• _Exercise instructions_
Starting from the line with "Inviting two-story home" and going up to and including the line with "The Olympic rings", copy the listing below exactly. Leave all images out.

• _Supplied entries_

****

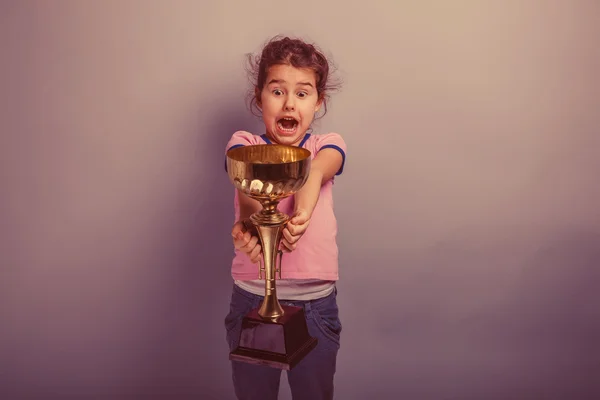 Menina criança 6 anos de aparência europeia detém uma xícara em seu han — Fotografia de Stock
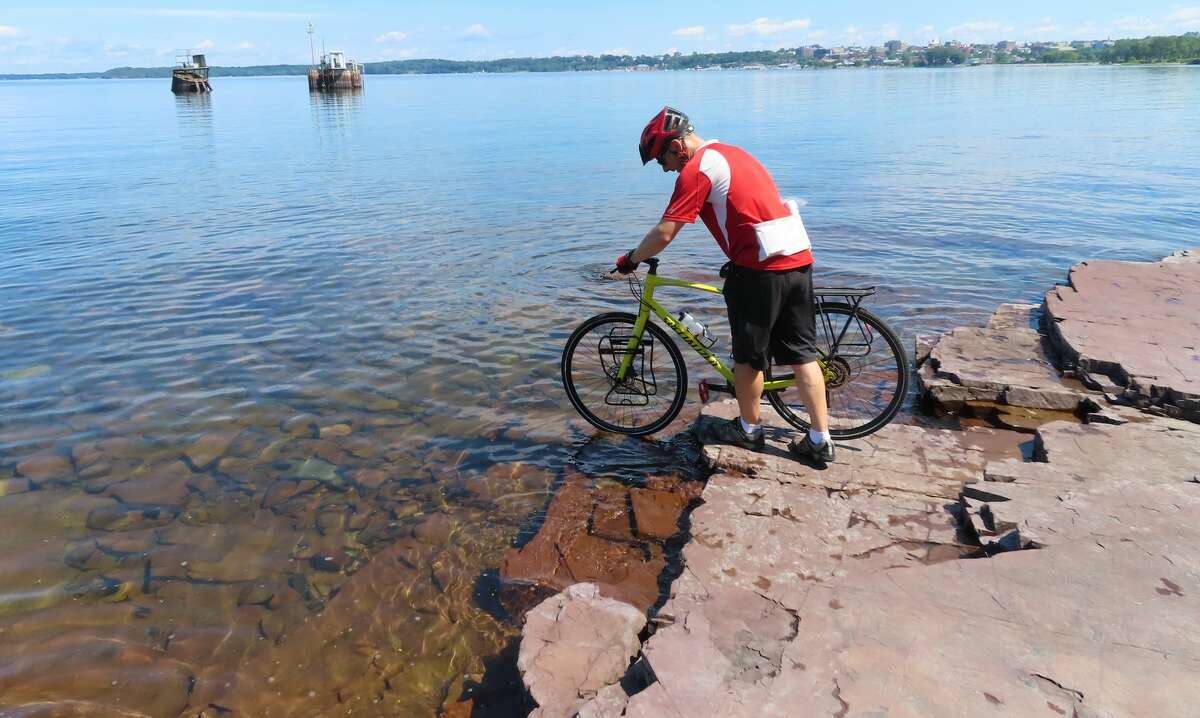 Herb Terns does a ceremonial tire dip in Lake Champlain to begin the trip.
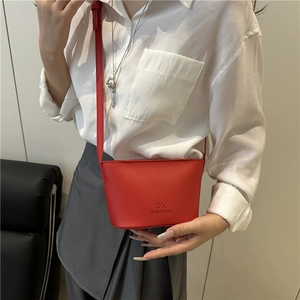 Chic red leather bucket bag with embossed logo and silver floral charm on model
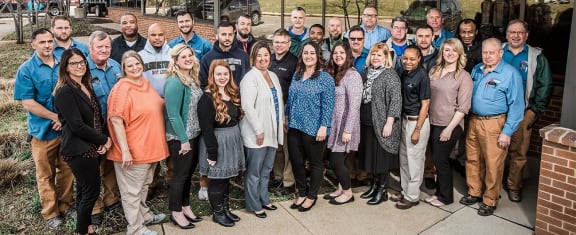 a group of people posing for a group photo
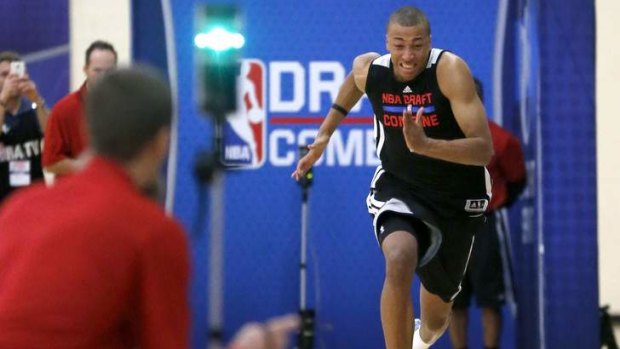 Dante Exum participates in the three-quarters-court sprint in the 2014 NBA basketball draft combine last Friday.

****

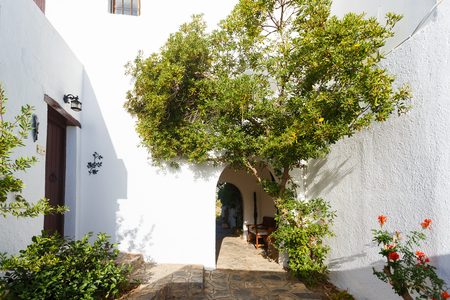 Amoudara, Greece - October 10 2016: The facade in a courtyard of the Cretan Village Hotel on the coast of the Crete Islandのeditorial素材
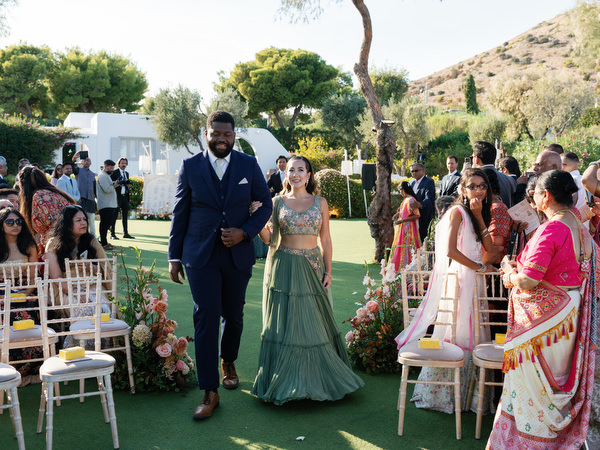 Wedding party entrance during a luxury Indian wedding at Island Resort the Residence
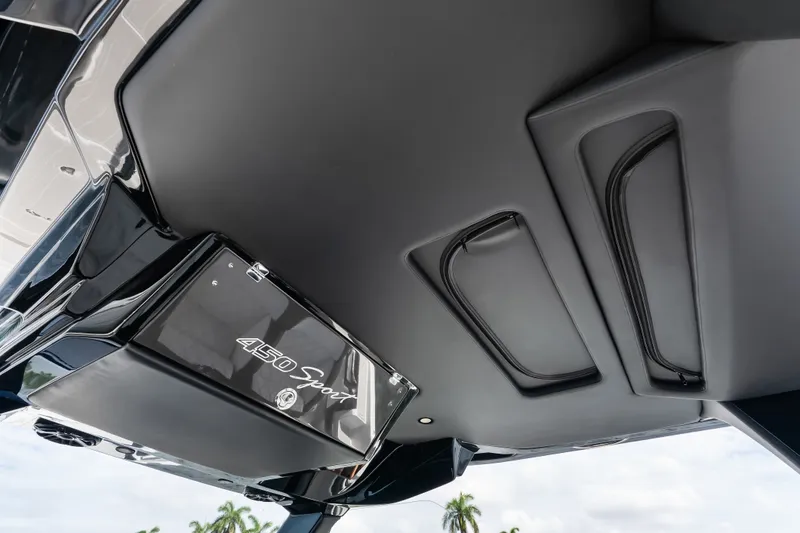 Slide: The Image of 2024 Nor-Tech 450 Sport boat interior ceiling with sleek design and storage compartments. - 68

****

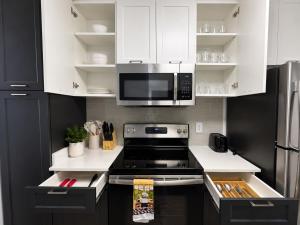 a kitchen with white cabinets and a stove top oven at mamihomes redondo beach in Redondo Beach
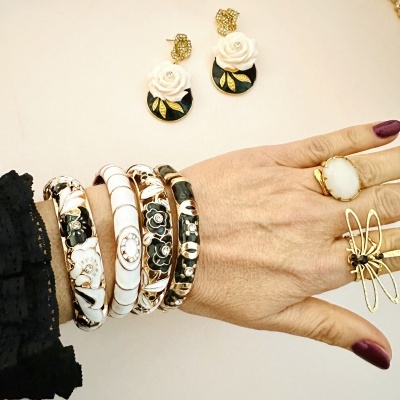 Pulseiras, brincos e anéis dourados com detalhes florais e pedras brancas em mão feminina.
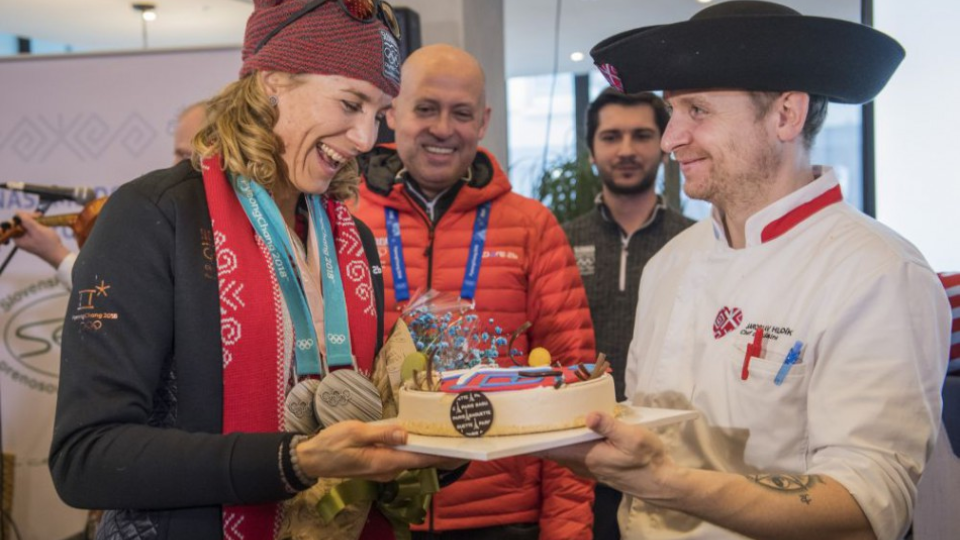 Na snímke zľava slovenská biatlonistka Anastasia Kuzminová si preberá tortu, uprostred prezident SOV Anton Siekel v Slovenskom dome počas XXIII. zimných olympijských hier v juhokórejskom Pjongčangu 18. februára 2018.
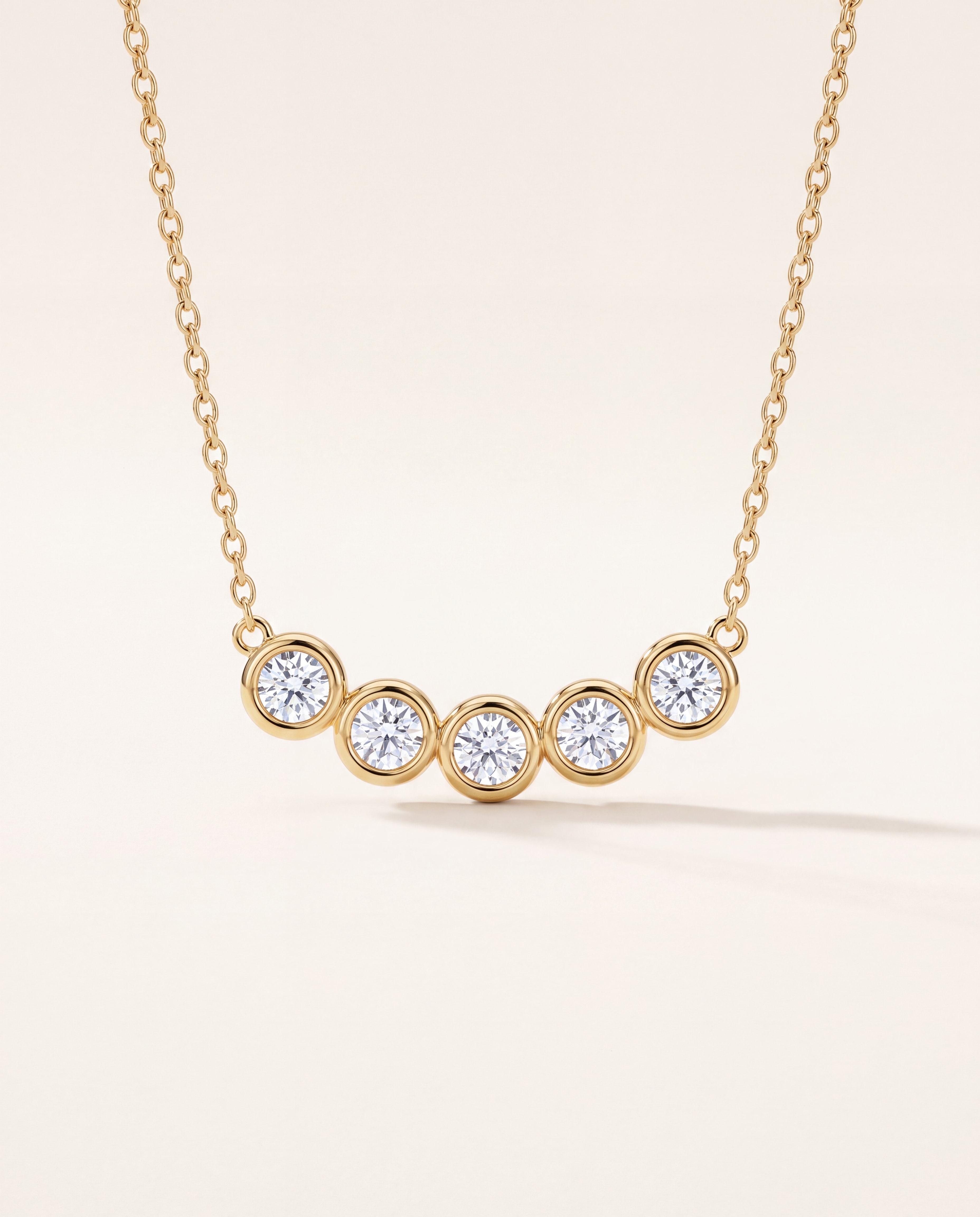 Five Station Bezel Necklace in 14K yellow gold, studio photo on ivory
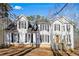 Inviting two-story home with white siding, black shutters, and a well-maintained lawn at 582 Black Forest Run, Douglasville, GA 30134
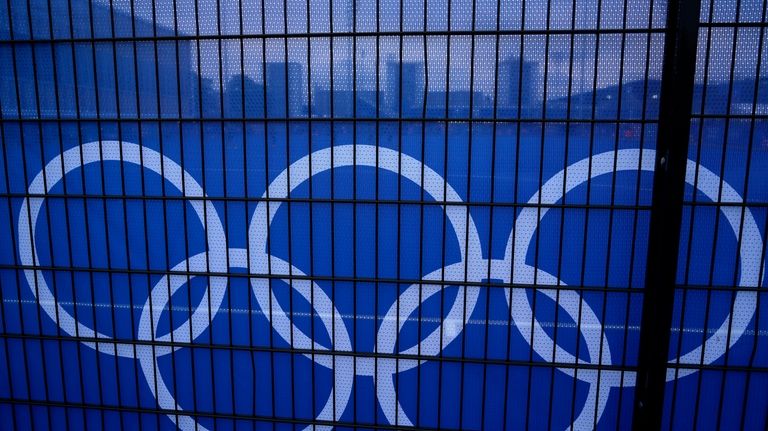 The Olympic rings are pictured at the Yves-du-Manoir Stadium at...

****

• _Answer section_
 Inviting two-story home with white siding, black shutters, and a well-maintained lawn at 582 Black Forest Run, Douglasville, GA 30134
 The Olympic rings are pictured at the Yves-du-Manoir Stadium at...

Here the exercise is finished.